### Given records
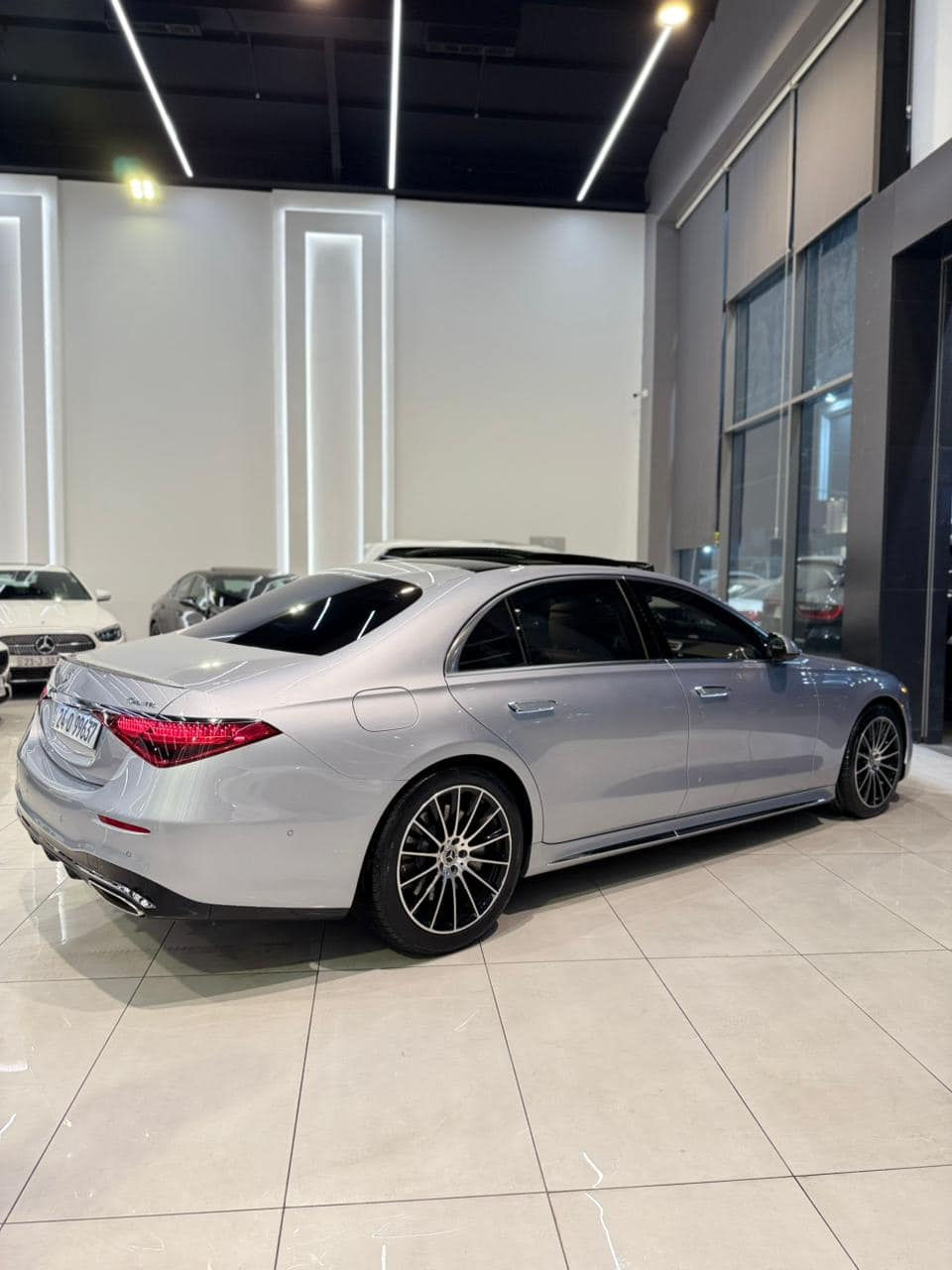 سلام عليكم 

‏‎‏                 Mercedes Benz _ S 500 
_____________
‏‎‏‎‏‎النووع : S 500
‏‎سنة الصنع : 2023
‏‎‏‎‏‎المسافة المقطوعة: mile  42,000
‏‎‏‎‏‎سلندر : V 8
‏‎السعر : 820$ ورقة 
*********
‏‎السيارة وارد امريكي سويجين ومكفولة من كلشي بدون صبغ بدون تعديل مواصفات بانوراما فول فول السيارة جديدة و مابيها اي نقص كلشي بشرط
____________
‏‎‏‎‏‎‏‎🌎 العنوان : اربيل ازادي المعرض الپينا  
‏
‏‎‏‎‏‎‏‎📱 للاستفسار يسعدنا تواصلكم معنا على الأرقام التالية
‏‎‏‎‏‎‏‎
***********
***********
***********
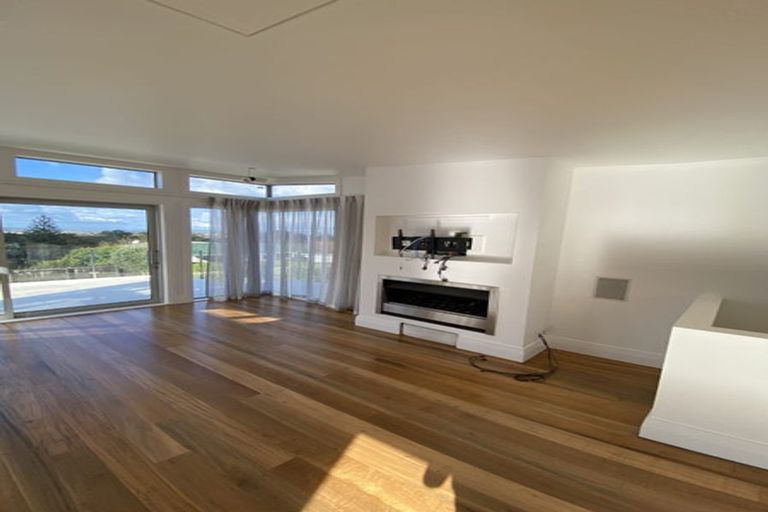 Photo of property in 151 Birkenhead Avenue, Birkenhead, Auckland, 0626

### Problem requirements
Retype all the data exactly. Omit pictures.

### Solved problem
 سلام عليكم 

‏‎‏                 Mercedes Benz _ S 500 
_____________
‏‎‏‎‏‎النووع : S 500
‏‎سنة الصنع : 2023
‏‎‏‎‏‎المسافة المقطوعة: mile  42,000
‏‎‏‎‏‎سلندر : V 8
‏‎السعر : 820$ ورقة 
*********
‏‎السيارة وارد امريكي سويجين ومكفولة من كلشي بدون صبغ بدون تعديل مواصفات بانوراما فول فول السيارة جديدة و مابيها اي نقص كلشي بشرط
____________
‏‎‏‎‏‎‏‎🌎 العنوان : اربيل ازادي المعرض الپينا  
‏
‏‎‏‎‏‎‏‎📱 للاستفسار يسعدنا تواصلكم معنا على الأرقام التالية
‏‎‏‎‏‎‏‎
***********
***********
***********
 Photo of property in 151 Birkenhead Avenue, Birkenhead, Auckland, 0626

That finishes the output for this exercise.